As soft musical reboots go, Future Rhythm is a successful one. Shock reimagined Digital Underground’s signature sound, moving the group in a new direction, while still retaining the sense of imagination that had defined them from the beginning.
Like many other Digital Underground projects, Future Rhythm was built around a unifying theme. In this case, many of the songs are made to represent different full-immersive combat video games. The album’s liner notes promise “Real Time Synchronized Movement Tracking” and describe the use of “New & Improved 8 Trillion Light Molecule per Milli-Inch Hologram Laser Technology.” Users are invited to play bizarre games like “High Risk Anti-Protection Combat Orgy” and “Walk the Dog Real Kool.”

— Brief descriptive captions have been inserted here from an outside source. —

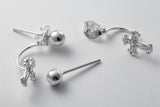 Sterling Silver Cross Double Stud Earrings Jewelry Gifts Women Girlfriend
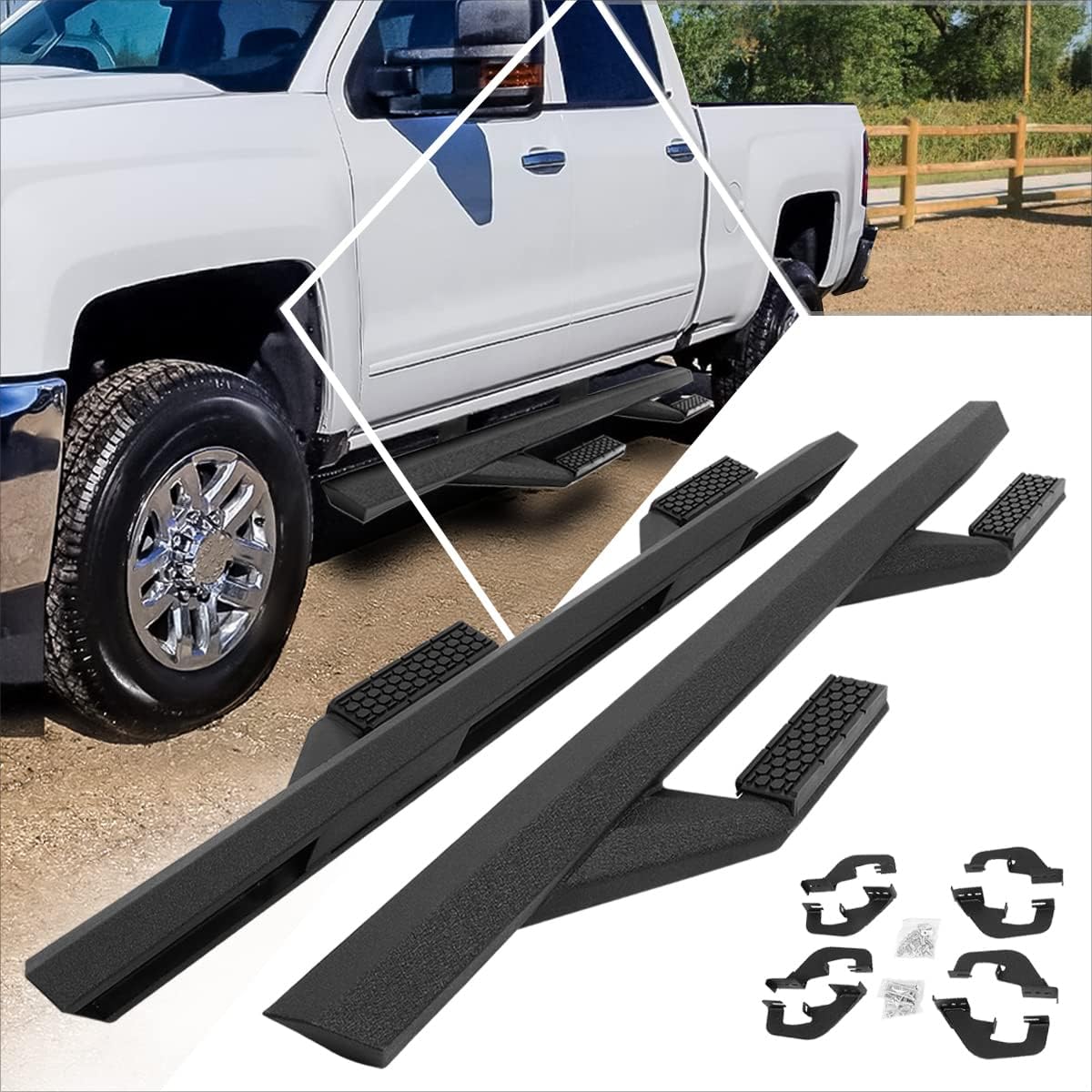 3" Black Nerf Bars Side Steps Running Boards Compatible with 07-19 Chevy Silverado/GMC Sierra Crew Cab (Pair)
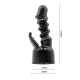 Чёрная насадка на вибромассажёр для клиторально-вагинального массажа (черный)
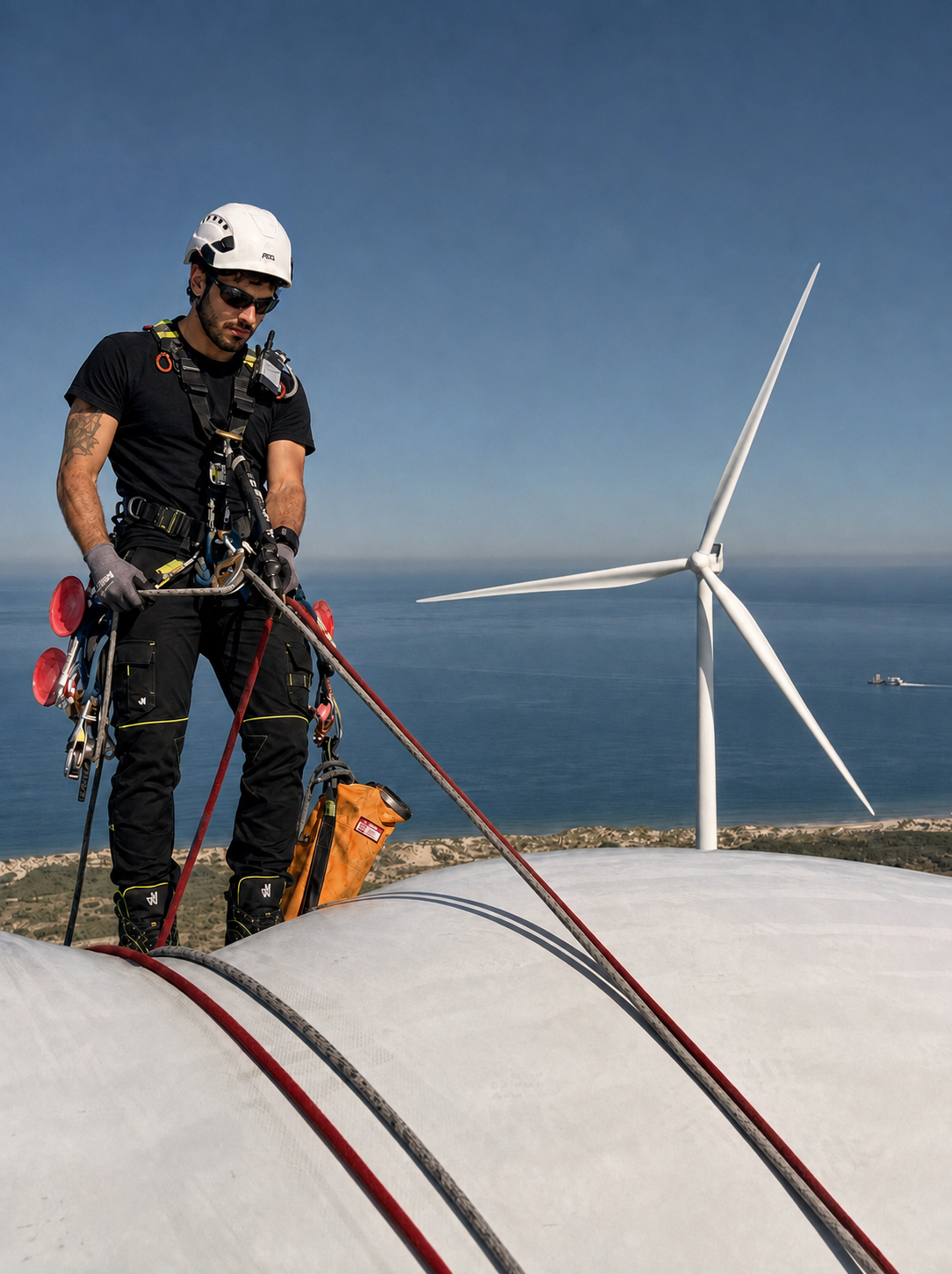 Wind technician working with rope-access equipment above a coastal wind farm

Despite all the sexually charged language and images of scantily clad women (and men) in the liner notes, Shock G maintains Future Rhythm is a largely asexual album. “[B]y then my wife and I were having problems,” he told Vibe, and that effected the album’s lyrical content. But what the album lacks in sexual innuendo, it makes up for in creative content and composition.
Shock G approached production differently on Future Rhythm, stepping up his use of live instrumentation. This isn’t a new development, as Digital Underground had made use of live instrumentation since its earliest days, especially through Shock’s “Piano Man” alter ego. However, part of the group’s signature had been their widespread use of samples. Particularly from the music of Parliament-Funkadelic and other psychedelic funk sources.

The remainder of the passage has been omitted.